=== Section Start ===

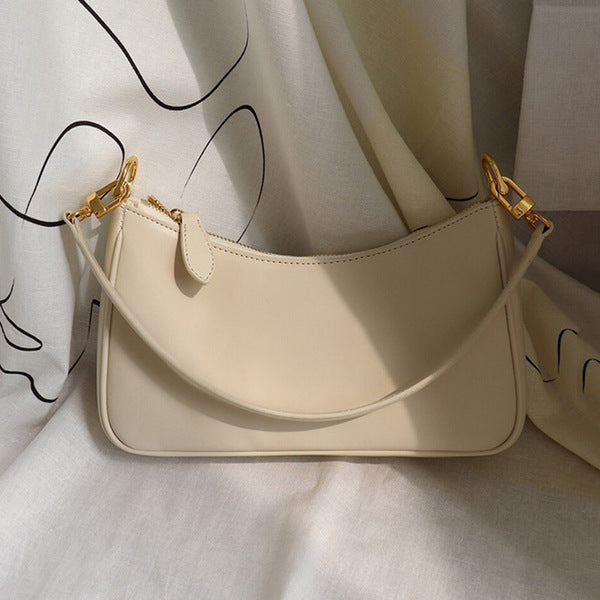 Minimalist Crescent Shoulder Bag with Chain Strap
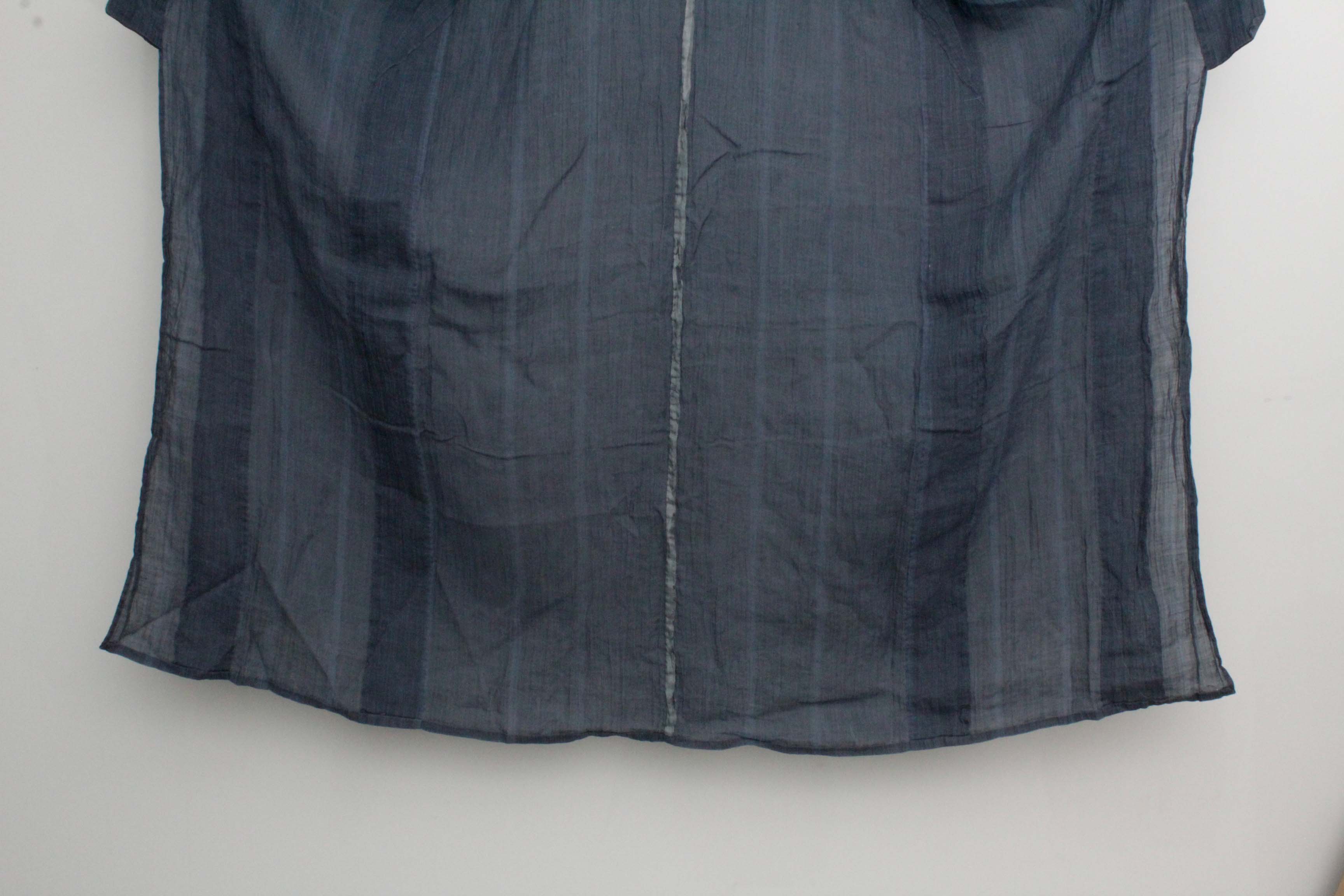 Circa 1900 Antique Handwoven Hemp and Silk Crepe Kosode Kimono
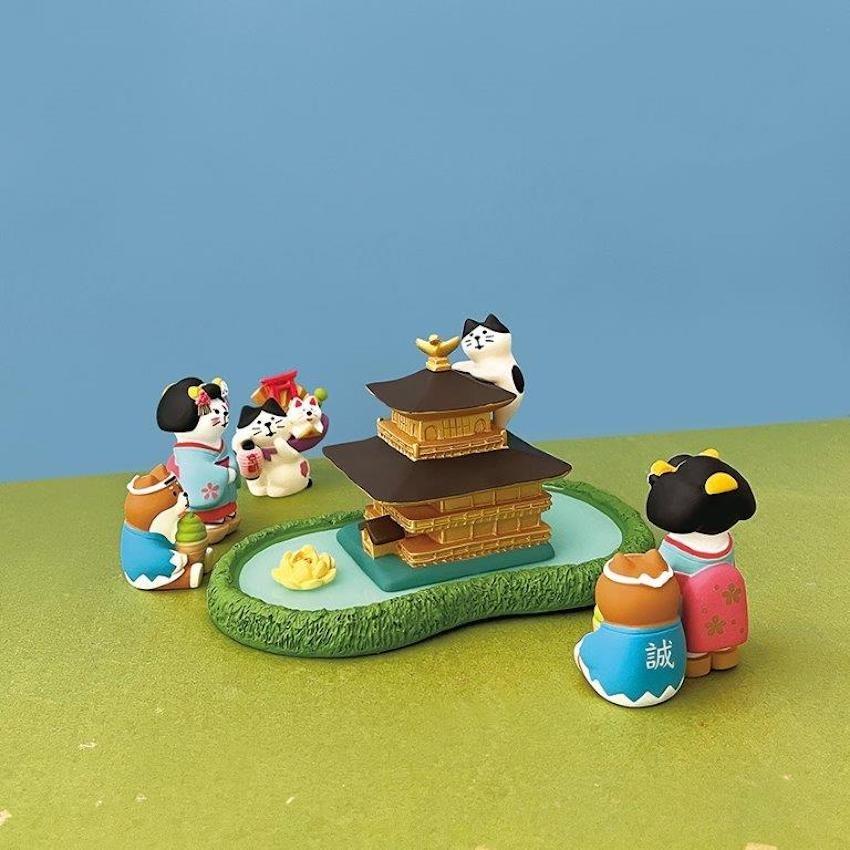 デコレ コンコンブル 万福まねき猫 金閣寺よじのぼり猫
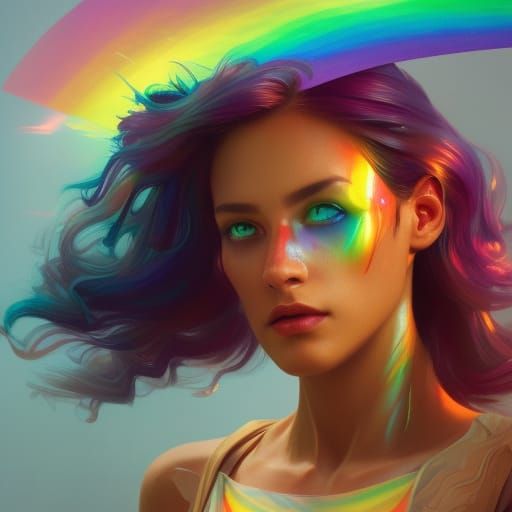 Soul reinbow - AI Generated Artwork - NightCafe Creator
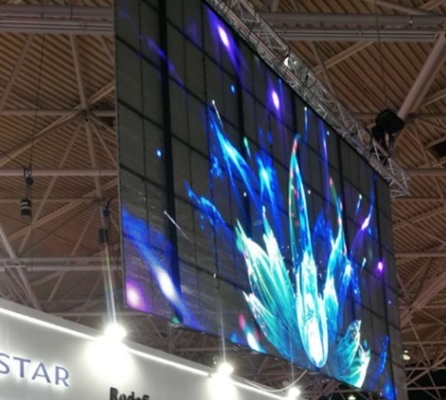 SMD2020 Transparent Glass Led Display 1/ 16scan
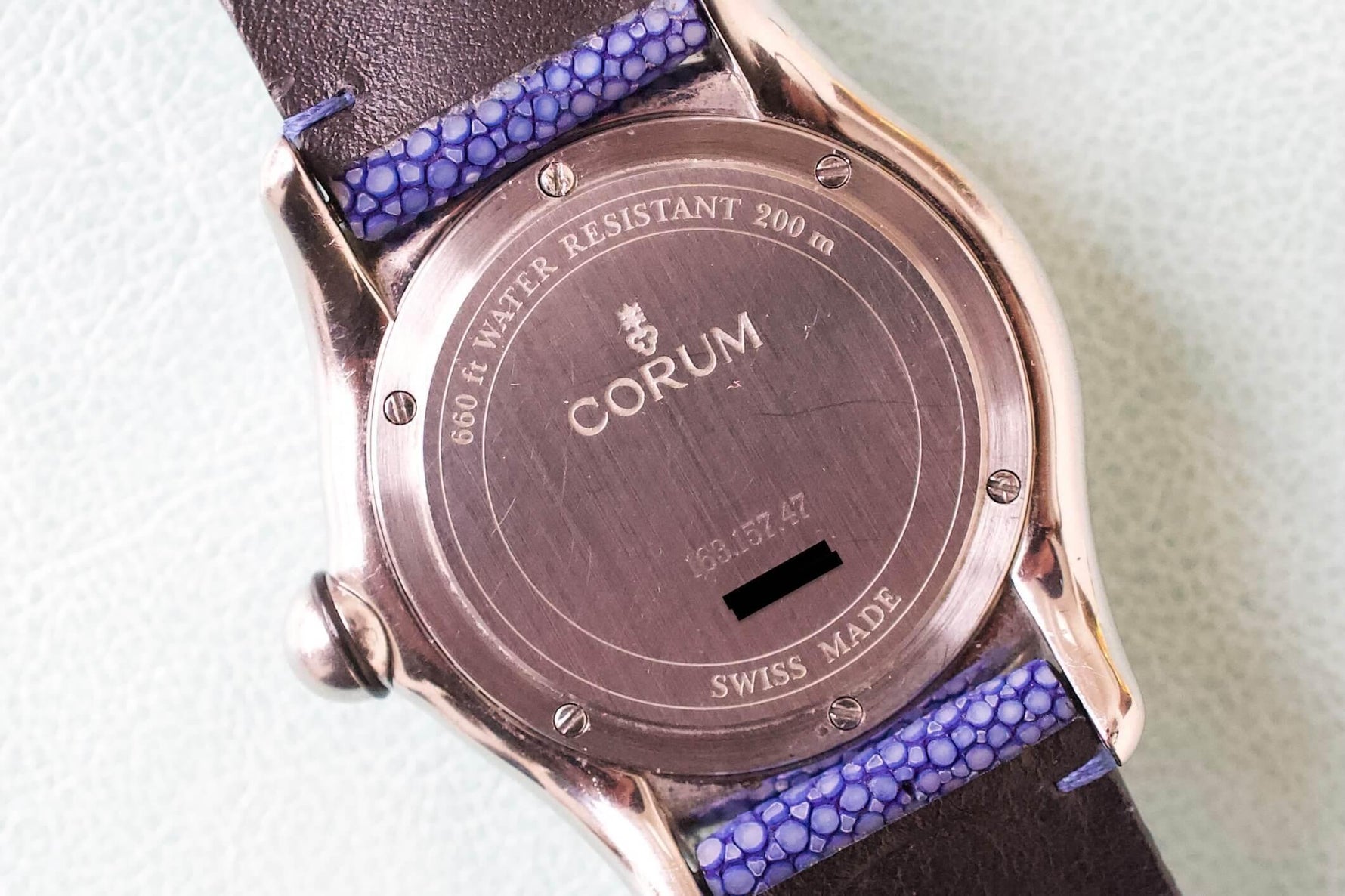 SOLD OUT: Corum BUBBLE FACTORY DIAMOND Dial and Bezel 1.27 Carats 45mm Box Papers - WearingTime Luxury Watches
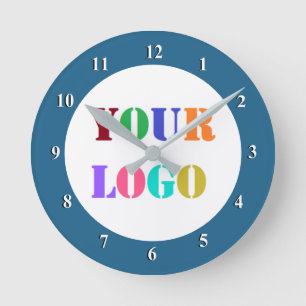 Ronde Horloge exemple de logo d'entreprise promotionnel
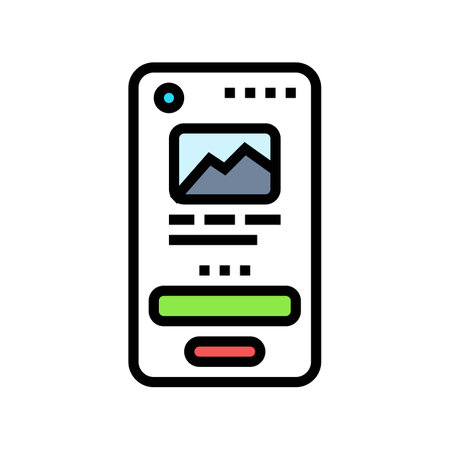 mockup ux ui design color icon vector illustrationのイラスト素材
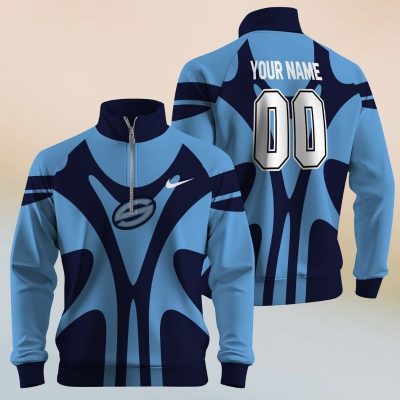 Personalize Super League Vintage PENRITH PANTHERS 1997 Half Zip Bagless Sweatshirts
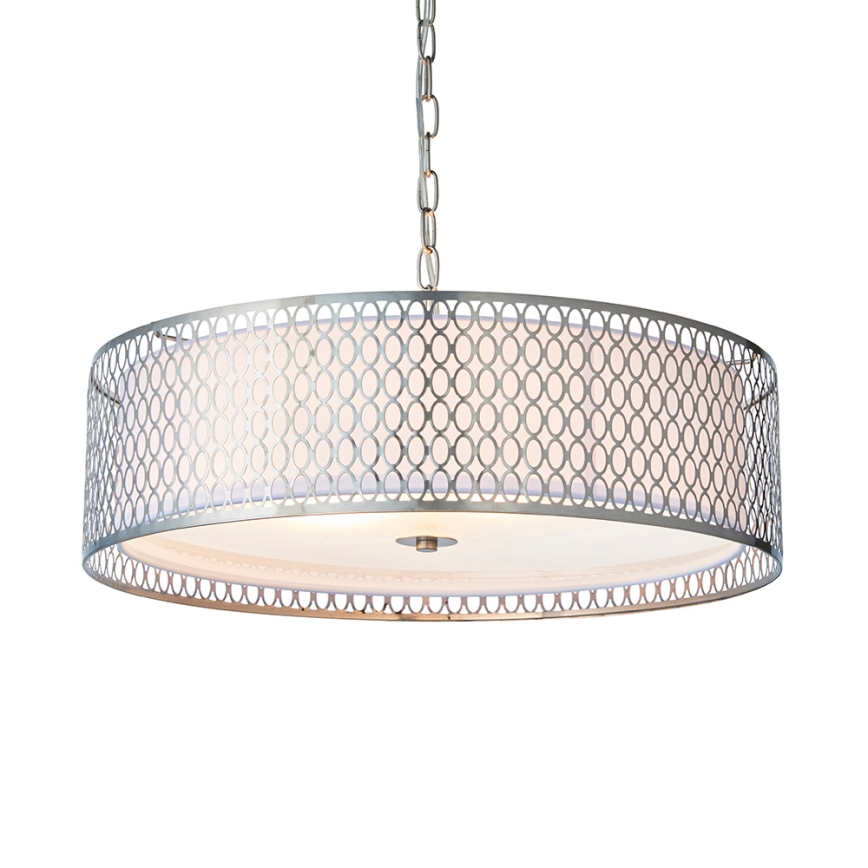 Endon 81969 - Luster na lancu CORDERO 3xE27/10W/230V mat hrom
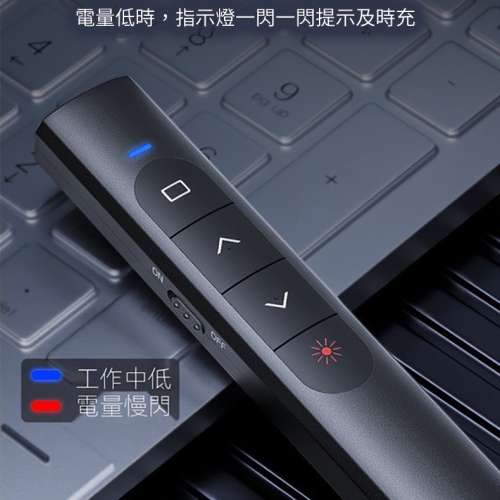 HP Wireless Multifunctional Presenter + Laser Pointer 無線多功能演示筆 + 激光筆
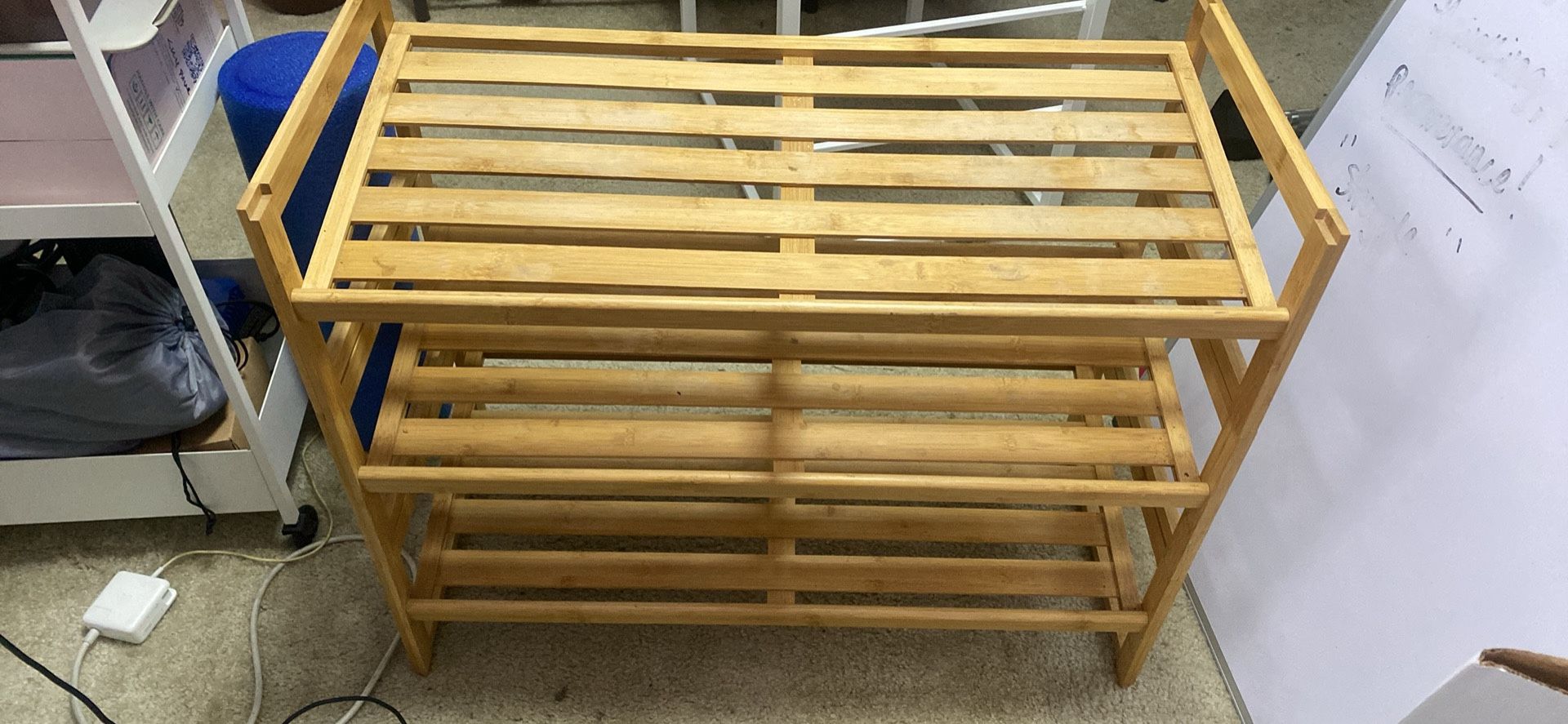 Three Tier Bamboo Shoe Rack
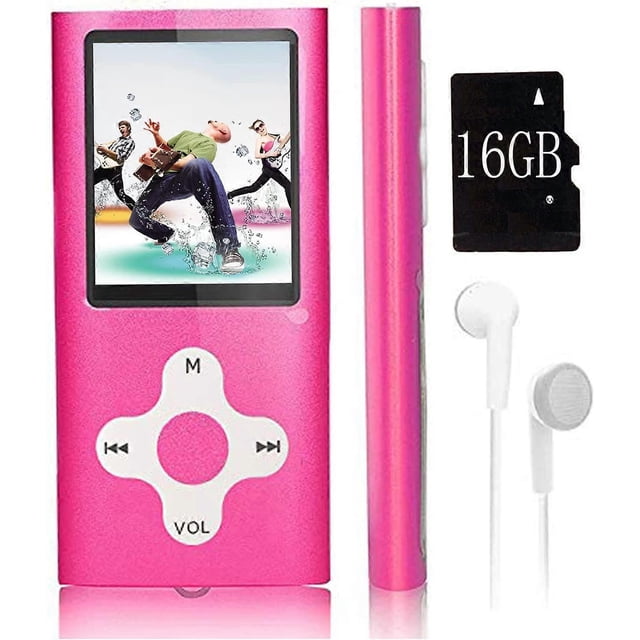 Reproductor de música MP3 y MP4 con visor de fotos, lector de libros electrónicos, grabadora de voz, radio FM y vídeo.
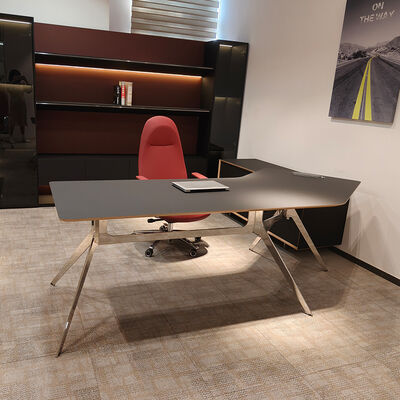 Servizio ufficio per il capo o il direttore generale in legno MDF e MFC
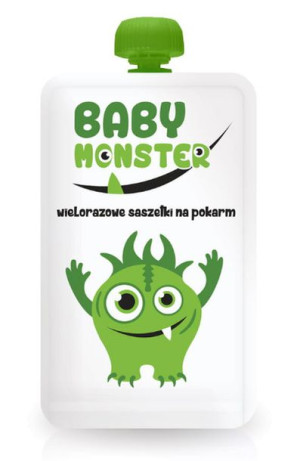Baby Monster Saszetka wielorazowa do musów 170 ml 10 sztuk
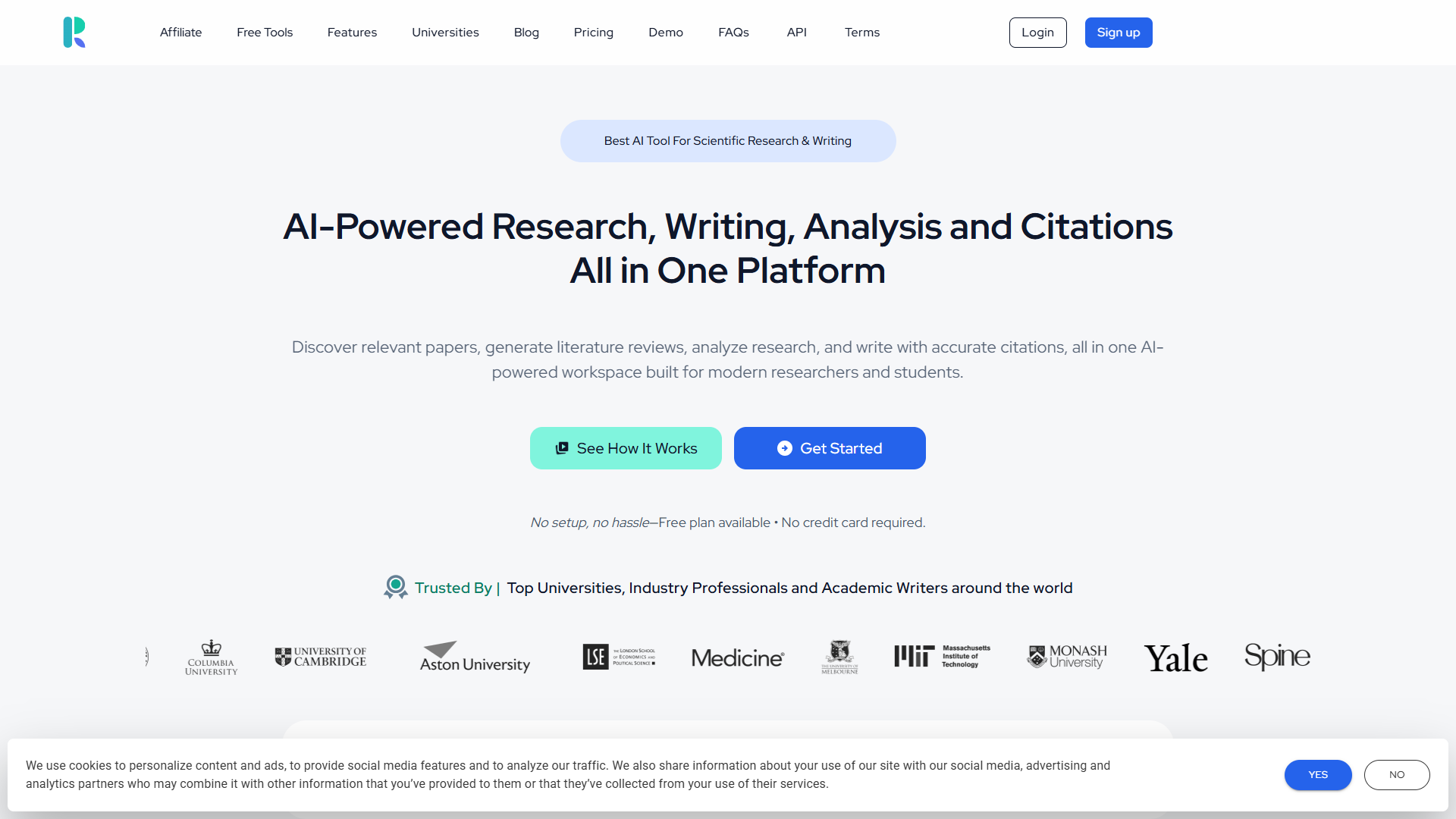 ResearchPal product screenshot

=== Section End ===

* [What the task asks] Starting with the first line of the data, transcribe every line exactly through the one containing "Endon 81969 - Luster". No pictures go in.

* [Task answer]
 Minimalist Crescent Shoulder Bag with Chain Strap
 Circa 1900 Antique Handwoven Hemp and Silk Crepe Kosode Kimono
 デコレ コンコンブル 万福まねき猫 金閣寺よじのぼり猫
 Soul reinbow - AI Generated Artwork - NightCafe Creator
 SMD2020 Transparent Glass Led Display 1/ 16scan
 SOLD OUT: Corum BUBBLE FACTORY DIAMOND Dial and Bezel 1.27 Carats 45mm Box Papers - WearingTime Luxury Watches
 Ronde Horloge exemple de logo d'entreprise promotionnel
 mockup ux ui design color icon vector illustrationのイラスト素材
 Personalize Super League Vintage PENRITH PANTHERS 1997 Half Zip Bagless Sweatshirts
 Endon 81969 - Luster na lancu CORDERO 3xE27/10W/230V mat hrom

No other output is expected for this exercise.